Surface to polygons¶
Instead of transferring to points, we want to aggregate all the information in a surface that falls within a polygon.
For this case, we will use the motorised friction surface. The question we are asking thus is: what is the average degree of friction of each region? Or, in other words: what regions are harder to get through with motorised transport?
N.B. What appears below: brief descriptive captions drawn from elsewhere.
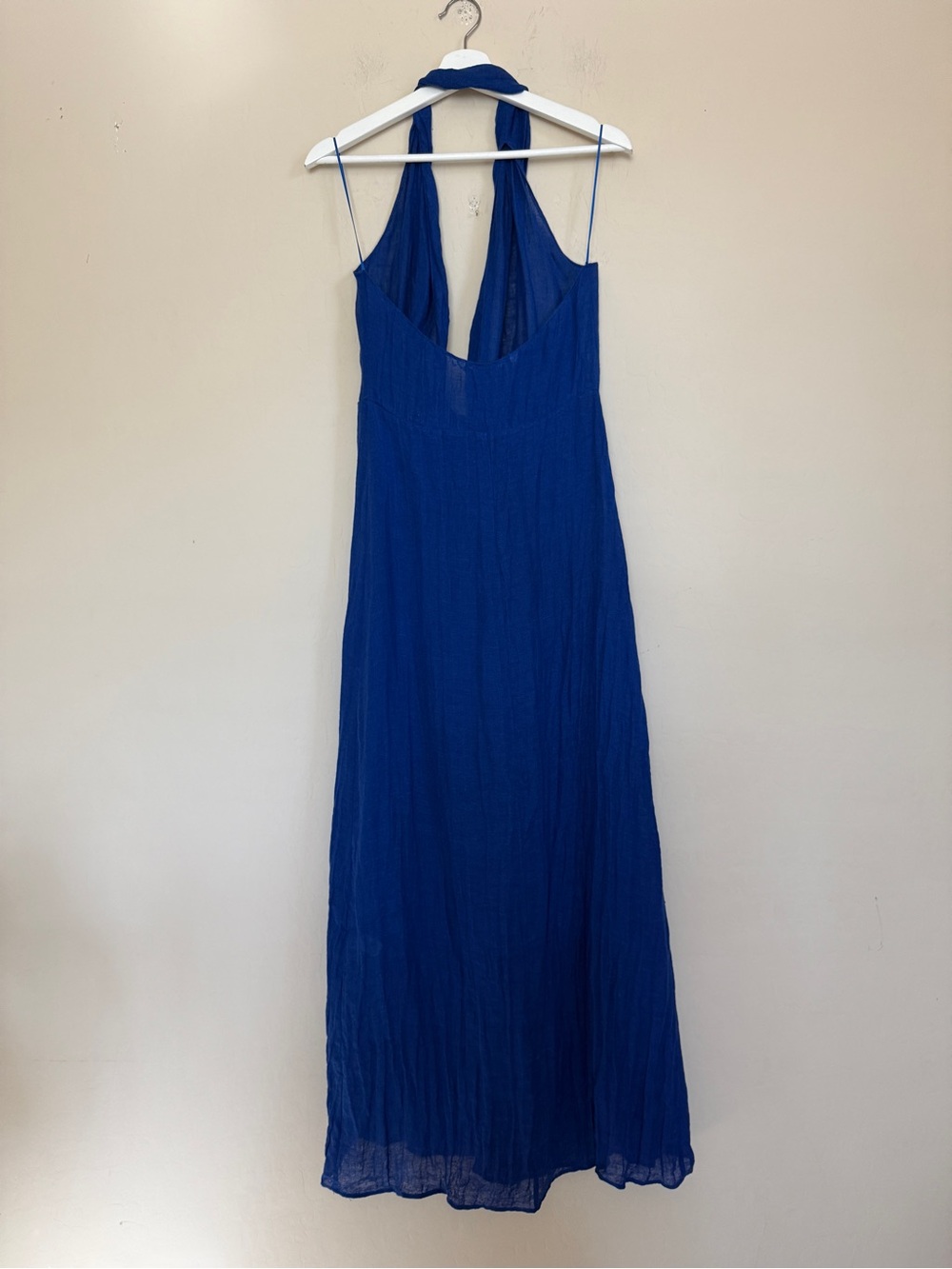 Zara Women's Royal Blue Halter Tie-Front Linen Maxi Dress - Picture 9 of 10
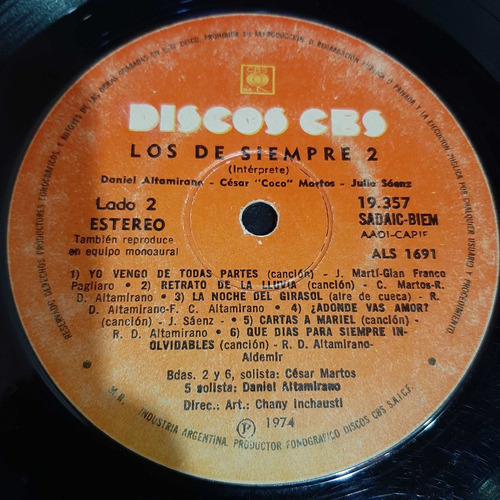 Sin Tapa Disco Los De Siempre 2 Daniel Altamirano Martos F0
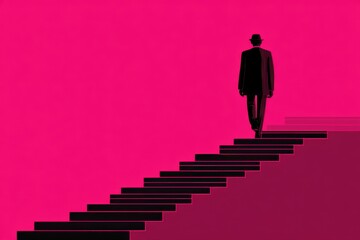 A man in business attire confidently walking up a set of stairs, symbolizing career growth and advancement.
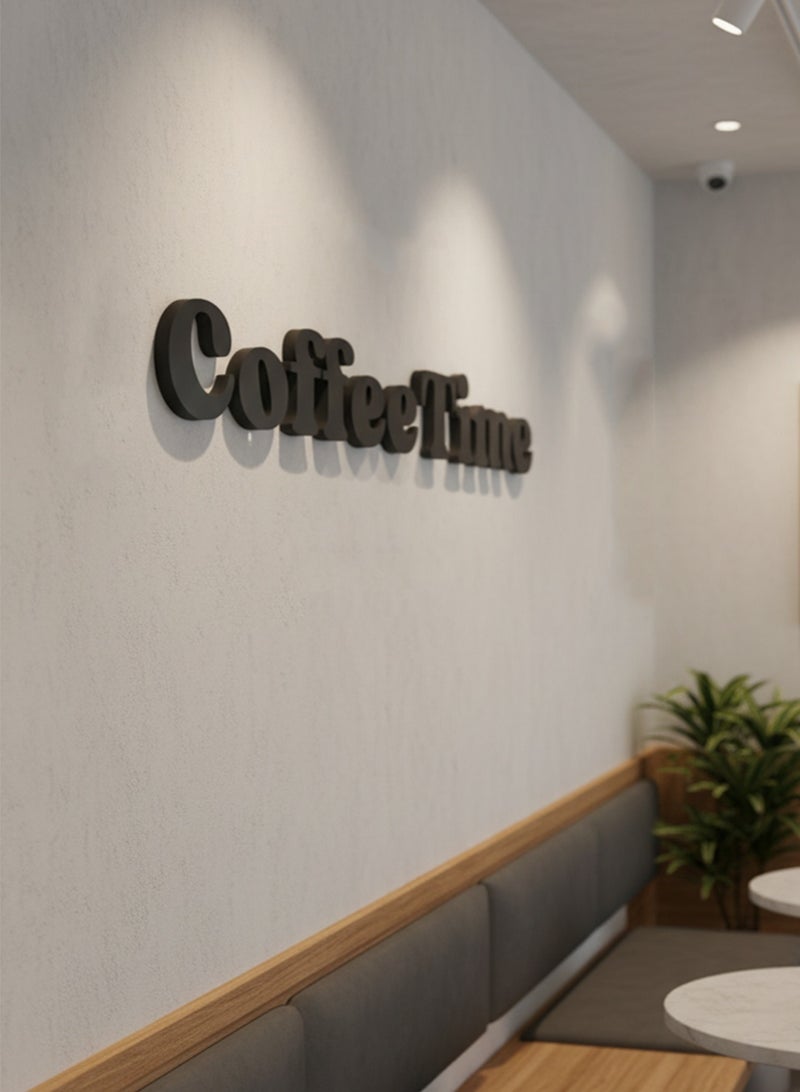 LOWHA Acrylic Wall Art with Back Sticker Featuring a Laser Cut Coffee Time Phrase - Image 2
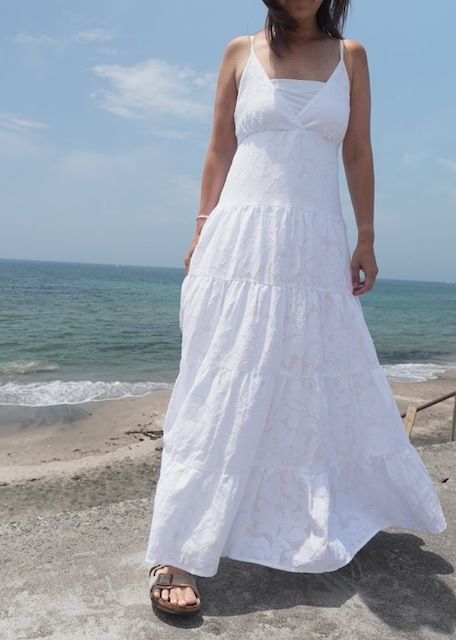 ＜select＞jacquard tierred dress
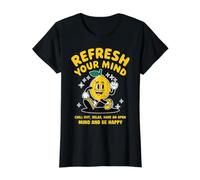 Refresh Your Mind Happy Lemon Positive Vibes Design Value Graphic T-Shirt, Women, Black, XL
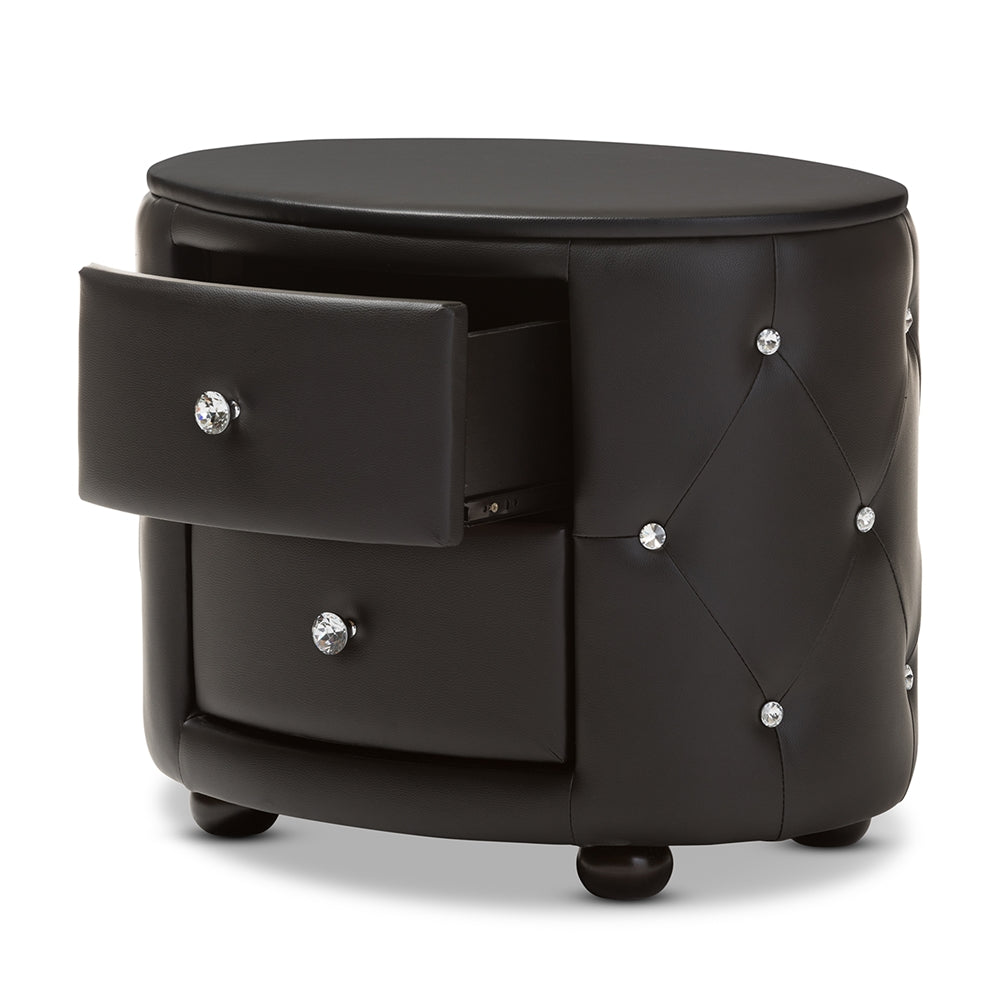 Baxton Studio - Davina Nightstand in Black - BBT3119-Black NS view 3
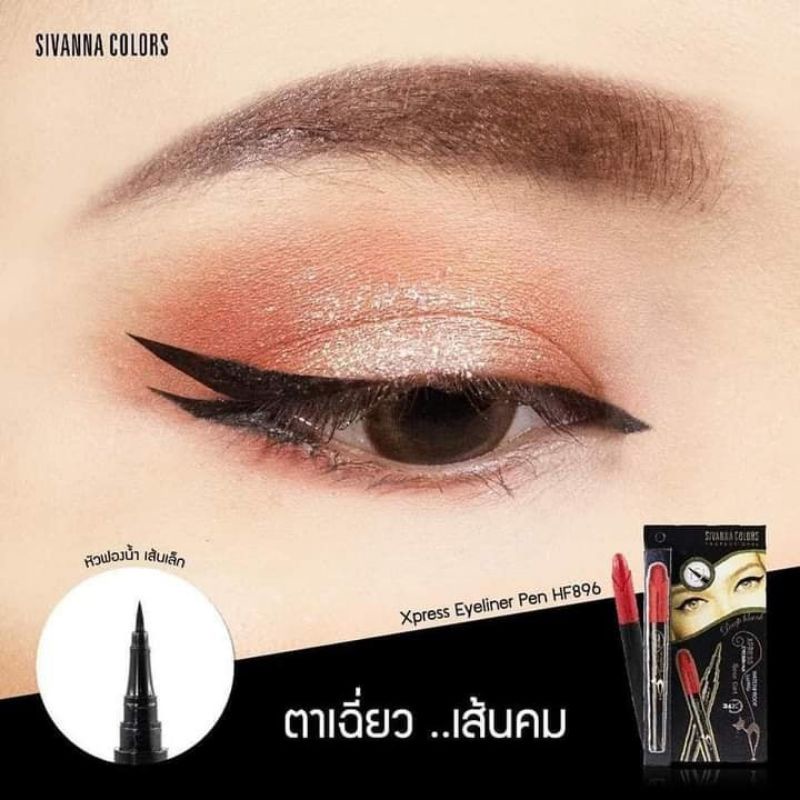 TERMURAH Sivanna Colors Xpress Eyeliner Pen Rose Cat Deep Black Waterproof ORIGINAL NOB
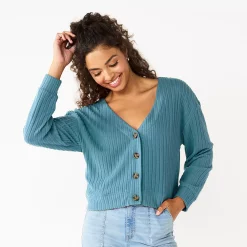 Juniors' SO® Cropped Button-Front Cardigan -Teens shop 5685552 Cove Blue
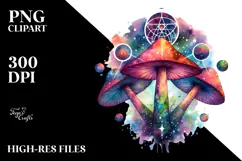 Magical Celestial Mushroom Tarot, Transparent PNG Product Image 2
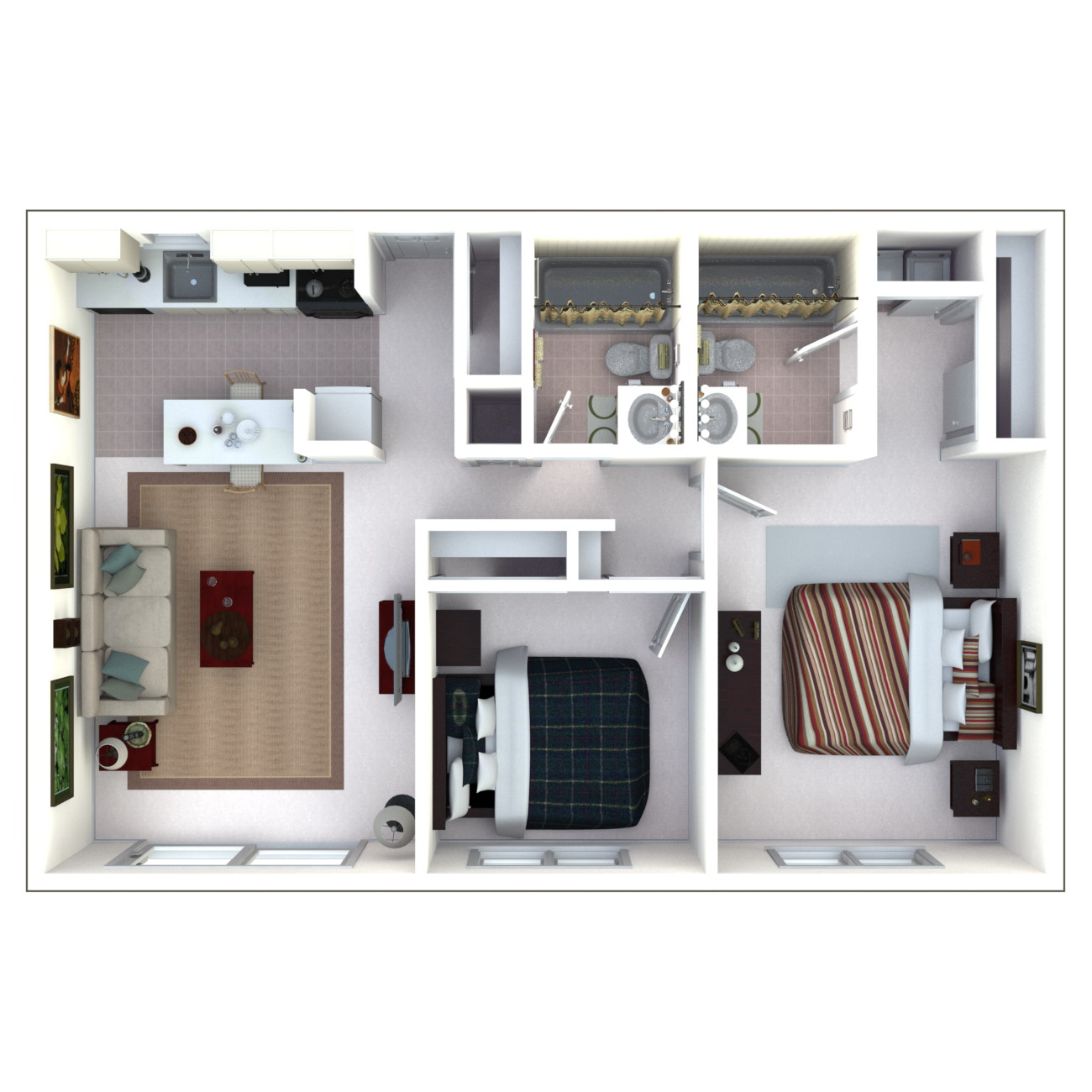 Floor plan for 2 beds, 2 baths, 837 sqft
f, ax = plt.subplots(1, figsize=(9, 9))
friction.plot.imshow(
add_colorbar=False, ax=ax
)
regions.plot(
ax=ax, edgecolor="red", facecolor="none"
)
contextily.add_basemap(
ax,
crs=regions.crs,
source=contextily.providers.CartoDB.DarkMatterOnlyLabels,
zoom=7
)
Again, we can rely on rasterstats
:
from rasterstats import zonal_stats
regional_friction = pandas.DataFrame(
zonal_stats(
regions,
friction.values,
affine=friction.rio.transform(),
nodata=friction.rio.nodata
),
index=regions.index
)
regional_friction.head()
min | max | mean | count | |
---|---|---|---|---|
0 | 0.001200 | 0.037000 | 0.006494 | 979 |
1 | 0.001200 | 0.060000 | 0.007094 | 1317 |
2 | 0.001200 | 0.024112 | 0.006878 | 324 |
3 | 0.001333 | 0.060000 | 0.009543 | 758 |
4 | 0.001200 | 0.060132 | 0.008619 | 55 |
This can then also be mapped onto the polygon geography:
f, ax = plt.subplots(1, figsize=(9, 9))
regions.to_crs(
epsg=3857
).join(
regional_friction
).plot(
"mean", scheme="quantiles", ax=ax
)
contextily.add_basemap(
ax,
source=contextily.providers.CartoDB.VoyagerOnlyLabels,
zoom=7
)
Challenge
Replicate the analysis above to obtain the average friction for each region using the walking surface (cambodia_2020_walking_friction_surface.tif
).
Surface to surface¶
If we want to align the pollution
surface with that of friction
, we need to resample them to make them “fit on the same frame”.
pollution.shape
(138, 152)
friction.shape
(574, 636)
This involves either moving one surface to the frame of the other one, or both into an entirely new one. For the sake of the illustration, we will do the latter and select a frame that is 300 by 400 pixels. Note this involves stretching (upsampling) pollution
, while compressing (downsampling) friction
.
# Define dimensions
dimX, dimY = 300, 400
minx, miny, maxx, maxy = pollution.rio.bounds()
# Create XY indices
ys = np.linspace(miny, maxy, dimY)
xs = np.linspace(minx, maxx, dimX)
# Set up placeholder array
canvas = xarray.DataArray(
np.zeros((dimY, dimX)),
coords=[ys, xs],
dims=["y", "x"]
).rio.write_crs(4326) # Add CRS
cvs_pollution = pollution.rio.reproject_match(canvas)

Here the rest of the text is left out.